I have to wonder if the advice you were given above didn’t neglect (with all due respect to the mighty fine feller who offered it) the very important question you ask “how much can I make [dollar wise]?” I don’t think 10 acres will justify owning and maintaining the hay baling equipment required, much less make a profit. Even if you own a 5000 Ford that is just setting around doing nothing. (Warning: you might get by with one tractor, but most folks that I know who bale hay use at least two.)

The only way I see you making a profit on your ten acres growing alfalfa is, if alfalfa does in fact grow well in you area and is a common crop there, that you rent your land to someone who is already in the business of growing and baling alfalfa. 

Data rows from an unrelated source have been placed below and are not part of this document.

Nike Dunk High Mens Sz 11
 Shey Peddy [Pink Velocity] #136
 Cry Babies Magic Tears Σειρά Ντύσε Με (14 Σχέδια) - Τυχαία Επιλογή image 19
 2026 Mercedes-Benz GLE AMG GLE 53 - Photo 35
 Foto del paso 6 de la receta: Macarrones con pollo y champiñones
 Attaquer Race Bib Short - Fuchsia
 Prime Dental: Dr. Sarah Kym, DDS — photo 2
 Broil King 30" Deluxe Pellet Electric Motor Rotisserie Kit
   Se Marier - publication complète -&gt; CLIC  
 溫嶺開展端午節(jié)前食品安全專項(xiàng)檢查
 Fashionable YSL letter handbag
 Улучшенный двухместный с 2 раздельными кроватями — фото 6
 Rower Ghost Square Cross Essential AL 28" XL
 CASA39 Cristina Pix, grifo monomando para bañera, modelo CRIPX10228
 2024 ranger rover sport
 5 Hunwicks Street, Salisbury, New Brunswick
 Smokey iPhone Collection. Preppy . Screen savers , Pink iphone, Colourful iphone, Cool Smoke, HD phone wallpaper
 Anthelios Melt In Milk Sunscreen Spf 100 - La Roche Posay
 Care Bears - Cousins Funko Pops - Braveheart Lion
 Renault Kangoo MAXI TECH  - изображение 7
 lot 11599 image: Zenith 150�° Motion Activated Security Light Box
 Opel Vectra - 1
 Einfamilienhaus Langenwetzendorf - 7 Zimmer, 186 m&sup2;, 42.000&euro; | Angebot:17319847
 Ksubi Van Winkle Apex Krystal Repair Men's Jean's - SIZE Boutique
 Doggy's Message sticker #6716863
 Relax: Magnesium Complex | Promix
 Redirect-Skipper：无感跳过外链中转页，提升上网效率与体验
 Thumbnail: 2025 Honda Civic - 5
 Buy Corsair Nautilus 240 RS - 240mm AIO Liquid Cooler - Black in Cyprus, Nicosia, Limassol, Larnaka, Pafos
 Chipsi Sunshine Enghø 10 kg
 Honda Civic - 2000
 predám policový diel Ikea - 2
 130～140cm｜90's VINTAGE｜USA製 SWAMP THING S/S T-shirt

You might ask about sowing alfalfa and growing a crop yourself then “hiring out” the hay baling. This is something that I can not recommend. I’ll reemphasize the fact that I know nothing about alfalfa, but suspect that the time to cut it once it reaches maturity and most assuredly the time it has to be baled after cutting is critical. Remember, you must have hay of desirable quality to even be marketable. With only 10 acres, guess who’s hay field is going have low priority, if you depend on someone else to bale it for you?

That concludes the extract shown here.